Write the listing out once more, identical to the original but without pictures.
**** AVAILABLE DATA ****
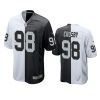 raiders maxx crosby black white split two tone jersey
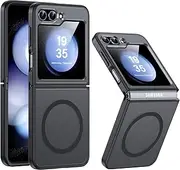 [FNDMIL] NO.1 Magnetic for Samsung Galaxy Z Flip 5 Case Compatible with MagSafe [Translucent Matte] [Anti-Fingerprint][Military Shockproof] Slim Hard Case with Silicone for Samsung Flip 5 Case,Black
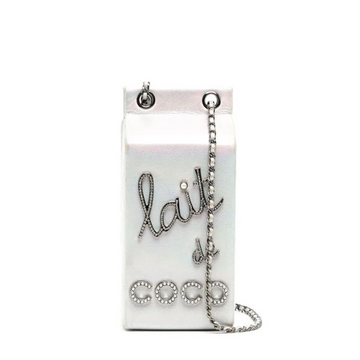 Top Quality Chanel Iridescent Silver Lait de Coco Milk Carton Bag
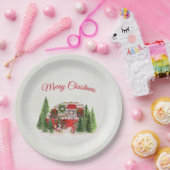 Assiettes En Carton Thème extérieur du camping de Noël Trailer (Fête)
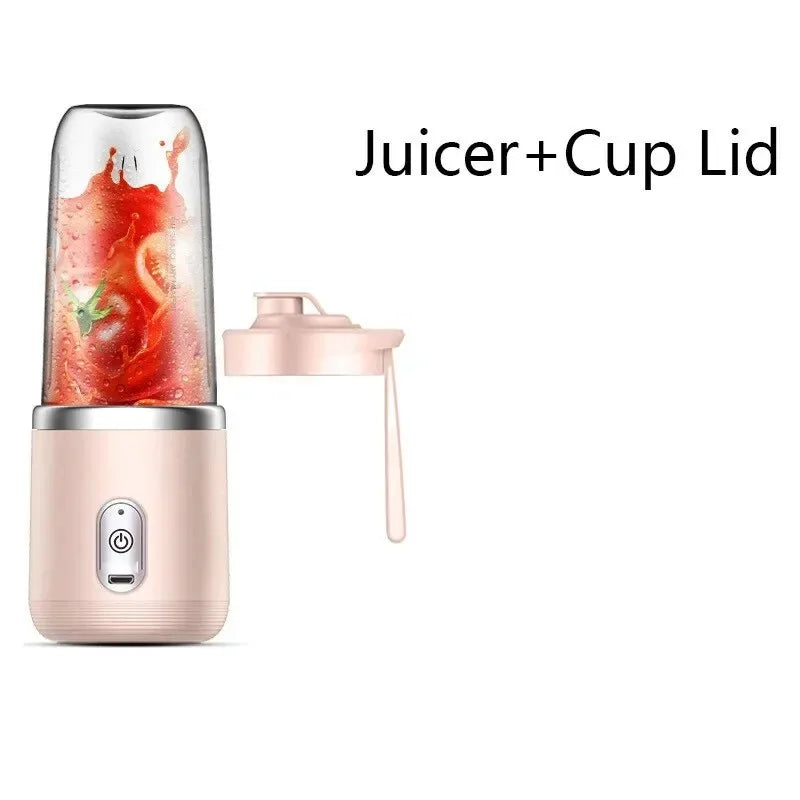 6 Blade Portable Juicer USB Rechargeable Juicer Stainless Steel Blade Cup Juicer Fruit Automatic Smoothie Blender Kitchen Tool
****
§ ANSWER SPACE:
 raiders maxx crosby black white split two tone jersey
 [FNDMIL] NO.1 Magnetic for Samsung Galaxy Z Flip 5 Case Compatible with MagSafe [Translucent Matte] [Anti-Fingerprint][Military Shockproof] Slim Hard Case with Silicone for Samsung Flip 5 Case,Black
 Top Quality Chanel Iridescent Silver Lait de Coco Milk Carton Bag
 Assiettes En Carton Thème extérieur du camping de Noël Trailer (Fête)
 6 Blade Portable Juicer USB Rechargeable Juicer Stainless Steel Blade Cup Juicer Fruit Automatic Smoothie Blender Kitchen Tool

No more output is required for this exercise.